Слушайте, слушайте, слушайте!
Сейчас, после пяти лет бесконечного количества судебных решений, после всех отводов, апелляций, перенесенных заседаний и предварительных слушаний, я уже и сам не знаю, кто я — истец или подзащитный. Но я отчетливо вижу, что этот мрачный судья с пострасовым хронометром на запястье неотступно на меня пялится. Черные бусины его глаз уперлись в меня немигающим взглядом, в котором нет прощения. Он зол — ведь я практически насрал на его политическую целесообразность. Я испортил ему всю обедню, как тот мальчишка, впервые оказавшийся в зоопарке, несколько раз тщетно прошедший мимо вроде бы пустой клетки с рептилией, как вдруг останавливающийся у ограды и кричащий: «Вот он, глядите!»

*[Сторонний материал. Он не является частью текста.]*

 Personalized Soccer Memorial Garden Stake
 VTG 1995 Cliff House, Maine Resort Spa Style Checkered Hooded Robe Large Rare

Вот он, глядите! Chamaeleo africanus tokenus. Африканский хамелеон. Он спрятался в гуще кустарника, обхватив скользкими лапками судебную ветвь власти, и замер, тихо жуя листья неправосудных деяний. «С глаз долой, из сердца вон» — девиз чернокожих работяг. Но сейчас вся страна увидела: мы все прижались носами к стеклу, дивясь, как он умудрился так долго маскировать свою черную алабамскую задницу на фоне красно-бело-синих полосок американского флага.
Все, у кого есть дело к достопочтенным судьям, к Верховному суду Соединенных Штатов Америки, пусть приблизятся и внемлют, ибо суд уже занял свои места. Боже, спаси Соединенные Штаты и высокий суд!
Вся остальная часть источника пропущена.